Friday, 5 August 2022

Giuseppe di Leopardusa

My previous view of Lampedusa was all in the cooking: frightening fish-sauce and comforting macaroni.  But for many people of my age and sensibility, Lampedusa is likely to trigger the famous mid-20thC novel Il Gattopardo / The Leopard by Giuseppe Tomasi di Lampedusa or the film by Visconti and starring Burt Lancaster as the aging patriarch getting sidelined by active mid-19thC history. I enjoyed the book but metaphorically threw the film across the room in a petulant fit of antipathy. But pretty much all I can remember was the steaming tureen of pasta with challenging inclusions.
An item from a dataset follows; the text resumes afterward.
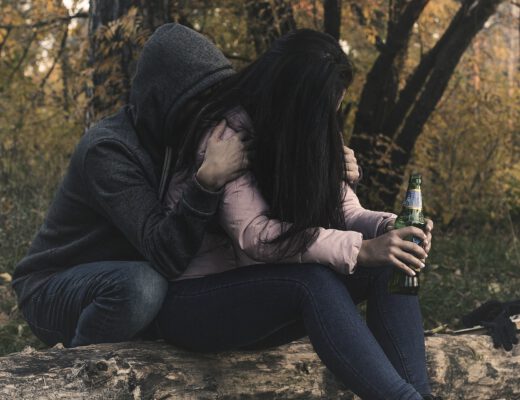 Kobit z problemem alkoholowym siedzi w lesie i pije piwo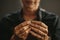 Jewelry maker hands inspecting a silver ring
I 'did' 19thC history to quite an advanced level at school but b'god it was parochial - essentially the see-saw between Gladstone and Disraeli as Prime Minister against a background of steam-trains, factories and flag-wagging. Continental Europe was irrelevant to Empire and so we skipped the Italian Risorgimento, Garibaldi's red-shirts and the consolidation of the Kingdom of Italy under one flag in 1861 [R]. 

I have just finished having read to me Lampedusa [2019] by Canadian poet Steven Price. Price's book is a novelized biography of the author of The Leopard which is a novel about the author's great-grandfather. There is therefore a certain amount of clever symmetry in the more recent story. Giuseppe died in 1957 before his novel was published which spared him a lot of tedious questions from journalists about how much he was his own great-grandfather and how much his adopted son modelled a similarly-aged protegé of the 19thC patriarch. If it sounds confusingly recursive, it's the crappy way I tell it, because I find that the 2019 book works

It works partly because it offers a compassionate and accepting view of people who, on the face of it, should be first against the wall when the revolution comes. I guess, if you wanted to paint the Princes of Lampedusa as late-medieval dinosaurs, then you'd tell the story more objectively and less from inside the head of protagonist. There's a rather telling exchange comparing Giuseppe di L. with his cousin the poet Lucio Piccolo [1901-1969]. The latter is exposed as writing for the adulation of the crowd fellow intellectuals and thereby compromising any hope of finding Truth. otoh, Giuseppe, like Luther, wrote because he could do no other. He wrote like he was on fire to get it all down before he died and everything he knew was flushed down the t'ilet of history. Neither of the publishers to whom he submitted his manuscript would accept it. They couldn't imagine turning a profit on such a retrospective tale - which demographic would read it?, they asked. The laugh was on them because Feltrinelli Editore discovered everyone wanted to read it and made a fortune on their investment.